My mind raced. Someone had died. But it couldn’t have been anyone in our family. He would’ve told me immediately. Or maybe he would have waited until I got home? My thoughts raced to my grandma who had been sick with a cold the last few days. What would I do without her?

“My friend May Loftus is dead.”

What? I just spoke to her a few days ago. I can still hear her voice in my head. “She’s such a sweet girl.”

“Oh my gosh…Grandpa, I’m so sorry. What happened?”

“Her and Marty got into a car accident. We just found out this morning…” his voice trailed to a whisper and I could see his lip quivering, fighting to maintain composure, his blue eyes squinting against the tears that would be pooling in his eyes. “Here…talk to Grandma.” His voice cracked.

“Hi Abigail.” Her voice calm and steady as usual, if only a little scratchy from her cold.

“Grandma, what happened?”

Shocked, I hung up the phone promising to drive especially careful in the downpour. I sat in silence while I drove—something I never do—and let my mind wander.

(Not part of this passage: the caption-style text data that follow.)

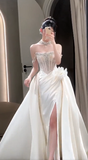 Niulatu Mermaid Off The Shoulder Satin Beaded Slit Long Wedding Dresses HZ1110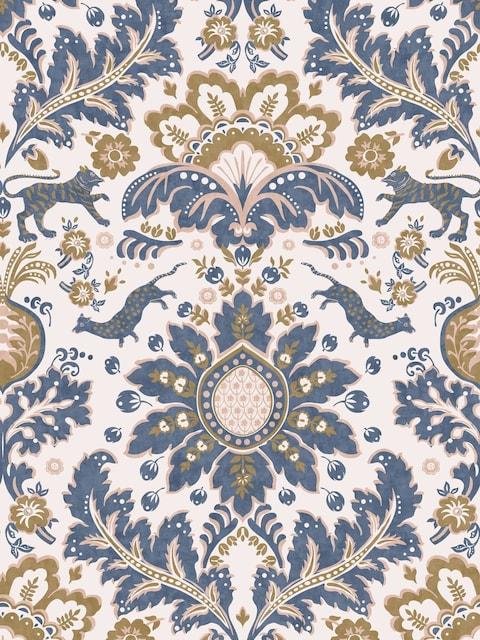 Joules CreamBlueGold Animal Damask Print 10M Wallpaper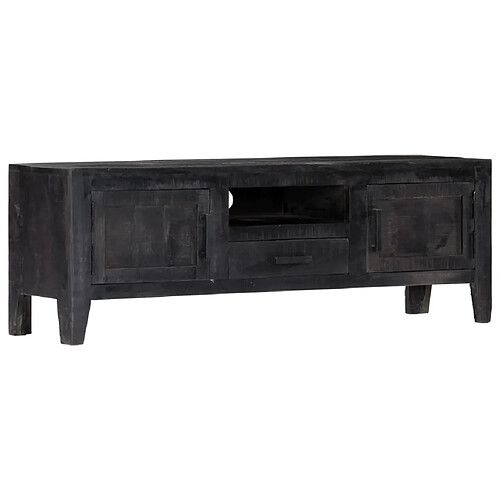 Helloshop26 Meuble télé buffet tv télévision design pratique noir 118 cm bois de manguier massif 2502203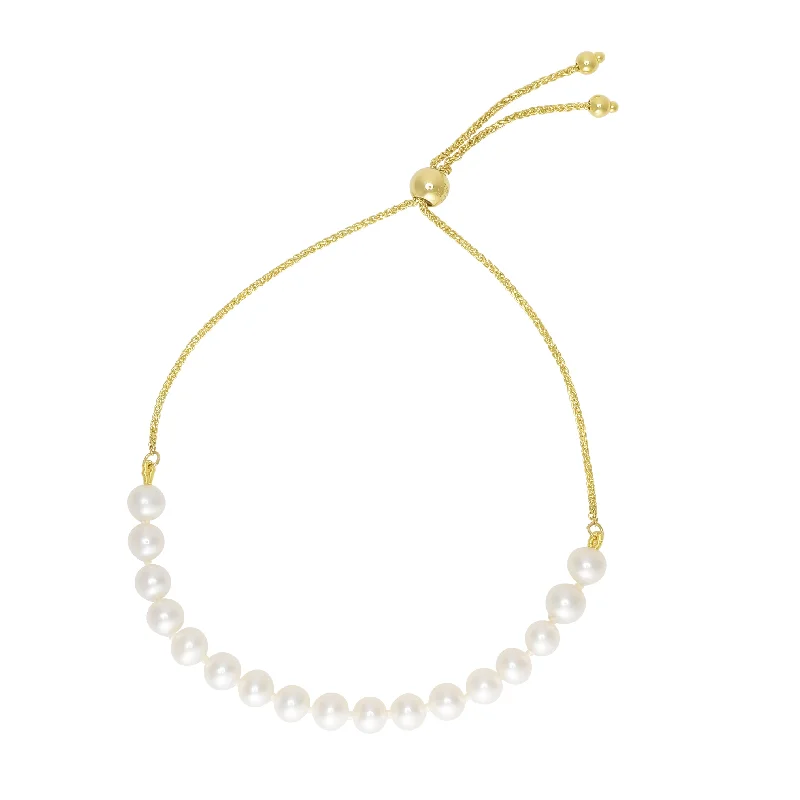 gold charm bracelets for women -14K Pearl String Friendship Bracelet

I knew that this was not my loss and I shouldn’t let it consume me the way the death of my father had. But I couldn’t help but feel like the world was once again reminding me how quickly things can change. Literally, here today—gone tomorrow. And so easily. What are the odds that it was our neighbor driving at that exact moment? What if they had left five minutes later?

I couldn’t help but contemplate my own mortality as well. Will I die suddenly without feeling satisfied with my life? This is a fear I battle all too frequently. I’m not sure if other people my age think about this. For me, I think it’s the result of having been exposed to such a close loss so early in my life. But then again, I know this question rests in everyone’s minds.

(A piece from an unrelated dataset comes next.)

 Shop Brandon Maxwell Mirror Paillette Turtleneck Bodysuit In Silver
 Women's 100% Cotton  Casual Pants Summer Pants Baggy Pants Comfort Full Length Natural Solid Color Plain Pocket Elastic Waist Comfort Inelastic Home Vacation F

There are so many things I’ve yet to do. So many people I want to meet and places I want to see (cliché I know, but who cares at a time like this). And after being reminded of how easily this beautiful life can be taken away—just in a matter of seconds—I realized how much I take for granted. I need to be more appreciative of what I have now instead of what I could have in the future.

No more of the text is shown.